Блум сплетал, расплетал, связывал, развязывал.
Блум. Прилив жаркой тайной жадновпивай дрожи нахлынул излиться с музыкой, с желанием, темный вторгающиеся впивай прилив. Покрой, оседлай, случайся, топчи. Возьми. Поры, расширяющиеся, чтоб расширяться. Возьми. Радость тепло касание. Возьми. Чтоб поток хлынул, отворив створы. Теченье, струя, поток, струя радости, трепет случки. Сейчас! Язык любви".
"Она выглядела великолепно. Шафранное платье с низким вырезом, все прелести напоказ. Гвоздичный запах дыхания, когда наклонялась что-то спросить. Я рассказывал, о чем говорит Спиноза в той папиной книжке. Слушала как завороженная. Глаза вот такие. Наклонялась вперед. Субъект на балконе всё разглядывал ее сверху вниз в бинокль, так и впивался. Почувствовать красоту музыки — надо послушать дважды. Природа, женщины — с одного взгляда. Бог создал страну, человек — музыку…".
"Чистое личико. Одно из двух: или девушка, или пока только пальцем пробовали. Чистая страничка: пиши на ней. А если нет, что с ними делается? Тоскуют, вянут. Поддерживает в них молодость. Еще как, сами себе дивятся. Смотри-ка. Впору поиграть на ней. Подуть губами. Белотелая женщина — живая флейта. Подуть слегка. Громче. Любая женщина — три дыры. Так и не поглядел у богини. Они этого хотят и деликатности особой не требуется. Оттого он всех и имеет. В кармане золото, на морде нахальство. Скажи что-нибудь. Чтоб услышала. Глазами в глаза: песни без слов…".
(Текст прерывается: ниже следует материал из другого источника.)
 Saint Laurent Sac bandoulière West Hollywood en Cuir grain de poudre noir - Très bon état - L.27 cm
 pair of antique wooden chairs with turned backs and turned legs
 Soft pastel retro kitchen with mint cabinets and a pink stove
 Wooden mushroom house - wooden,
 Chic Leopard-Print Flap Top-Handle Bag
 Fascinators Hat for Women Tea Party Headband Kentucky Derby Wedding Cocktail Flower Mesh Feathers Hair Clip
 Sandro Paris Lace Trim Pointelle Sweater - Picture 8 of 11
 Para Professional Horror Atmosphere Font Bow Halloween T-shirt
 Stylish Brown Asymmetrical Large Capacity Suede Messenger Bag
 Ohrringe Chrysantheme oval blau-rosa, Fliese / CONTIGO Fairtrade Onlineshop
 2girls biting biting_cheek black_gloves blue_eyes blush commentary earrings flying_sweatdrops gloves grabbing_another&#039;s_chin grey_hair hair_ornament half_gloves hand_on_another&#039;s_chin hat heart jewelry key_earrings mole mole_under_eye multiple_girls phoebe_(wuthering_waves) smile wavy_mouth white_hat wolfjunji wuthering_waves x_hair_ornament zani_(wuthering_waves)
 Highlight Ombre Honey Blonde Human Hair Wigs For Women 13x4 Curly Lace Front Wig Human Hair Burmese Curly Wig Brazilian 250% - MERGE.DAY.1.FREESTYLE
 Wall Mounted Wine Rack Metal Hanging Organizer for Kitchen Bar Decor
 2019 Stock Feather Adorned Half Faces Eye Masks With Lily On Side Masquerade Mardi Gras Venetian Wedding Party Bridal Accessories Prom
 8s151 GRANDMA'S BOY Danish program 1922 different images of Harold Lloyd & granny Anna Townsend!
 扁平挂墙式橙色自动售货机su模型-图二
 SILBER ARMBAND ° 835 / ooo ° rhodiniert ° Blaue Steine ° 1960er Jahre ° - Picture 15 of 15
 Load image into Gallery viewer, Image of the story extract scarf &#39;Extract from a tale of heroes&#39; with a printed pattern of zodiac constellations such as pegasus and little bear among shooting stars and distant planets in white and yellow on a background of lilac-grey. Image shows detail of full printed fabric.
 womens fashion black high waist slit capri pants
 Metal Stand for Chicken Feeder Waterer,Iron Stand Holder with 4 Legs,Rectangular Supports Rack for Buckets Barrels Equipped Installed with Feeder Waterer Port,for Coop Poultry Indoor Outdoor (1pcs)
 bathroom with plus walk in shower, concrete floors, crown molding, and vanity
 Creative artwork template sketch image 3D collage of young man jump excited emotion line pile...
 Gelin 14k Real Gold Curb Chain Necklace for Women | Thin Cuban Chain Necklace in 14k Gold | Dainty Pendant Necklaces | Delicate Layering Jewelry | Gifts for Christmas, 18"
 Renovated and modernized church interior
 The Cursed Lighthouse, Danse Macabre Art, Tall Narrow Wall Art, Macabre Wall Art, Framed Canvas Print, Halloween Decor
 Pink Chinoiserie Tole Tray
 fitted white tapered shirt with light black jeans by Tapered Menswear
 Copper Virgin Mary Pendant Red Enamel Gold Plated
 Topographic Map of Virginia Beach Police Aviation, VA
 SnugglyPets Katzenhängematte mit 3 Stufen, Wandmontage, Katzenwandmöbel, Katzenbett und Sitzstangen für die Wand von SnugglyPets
В "Сиренах" впервые становится очевиден модернистско-экспериментальный характер прозы Джойса. Первые страницы эпизода по сути дела — набор непонятных, — маловразумительных фраз или же отрывков каких-то предложений. Эти страницы вызвали сначала недоумение, а потом и подозрение цензора (Джойс пересылал рукопись "Сирен" из Швейцарии в Англию во время первой мировой войны). Цензор решил, что перед ним некий хитроумный шифр, но литераторы-профессионалы, к которым он был вынужден обратиться за помощью, проделав немалую работу, внимательно вчитавшись в текст, уверенно заявили, что это, конечно, не шифр, а чрезвычайно экстравагантная проза.
Двенадцатый эпизод. Циклоп. Пять пополудни. Одиссей в пещере Полифема: столкновение Блума с шинфейнером. Это, пожалуй, самая острая сатира на панирландизм, а в широком смысле — на все виды патриотизма, шовинизма, национализма, коллективизма. Травестия на гражданственность как таковую. Всё великолепие раблезианы: гипербола, гигантизм, гипертрофия.
Ирландский Гаргантюа, пьяница и обжора, гигантский первобытный человек с громоподобной речью, где непристойная блатная ругань смешивается с древними библейскими проклятьями, циклоп-каннибал, пожирающий сырое человеческое мясо, — так рисует Джойс эпический образ "Гражданина", Мессии порабощенного народа.
"Фигура, сидевшая на гигантском валуне у подножия круглой башни, являла собою широкоплечего крутогрудого мощночленно-го смеловзорого рыжеволосого густовеснушчатого косматобородого большеротого широконосого длинноголового низкоголосого голоколенного стальнопалого власоногого багроволицего мускулисторукого героя. В плечах он был нескольких косых саженей, а колени его, подобные горным утесам, как и всё остальное тело, видное глазу, густо покрыты были колючею рыжеватой порослью, цветом и жесткостью походившей на дикий терн (Ulex Europeus). Ноздри с широчайшими крыльями, откуда торчали пучки волос того же рыжеватого цвета, были столь дивно поместительны, что в их сумрачной мгле полевой жаворонок без труда свил бы себе гнездо. Глаза его, в которых слеза и улыбка вечно оспаривали первенство, превосходили размерами отборный кочан капусты. Мощная струя горячего пара размеренно исторгалась из его бездонной груди, и столь же ритмически могучие звучные удары его исполинского сердца громоподобными раскатами сотрясали почву, заставляя содрогаться до самых вершин башню, что вознеслась высоко, и стены пещеры, вознесшиеся еще выше".
Не правда ли, очень знакомо?..
Патриотизм всегда заражен ненавистью, смертью. Шовинизм — идеология разрушительности, массовый вандализм, страсть к самоубийству, губящая страны и народы. "Мы выставим силу против силы, — говорит Гражданин…". Где "держава", "патриоты", "победа любой ценой", там — кровь…
Джойс воспринимал панирландизм как одну из форм ненавистного ему шовинизма, а потому обратил острие своей сатиры против собирательной фигуры Гражданина, знатока, почитателя и хранителя исконных ирландских традиций и обычаев.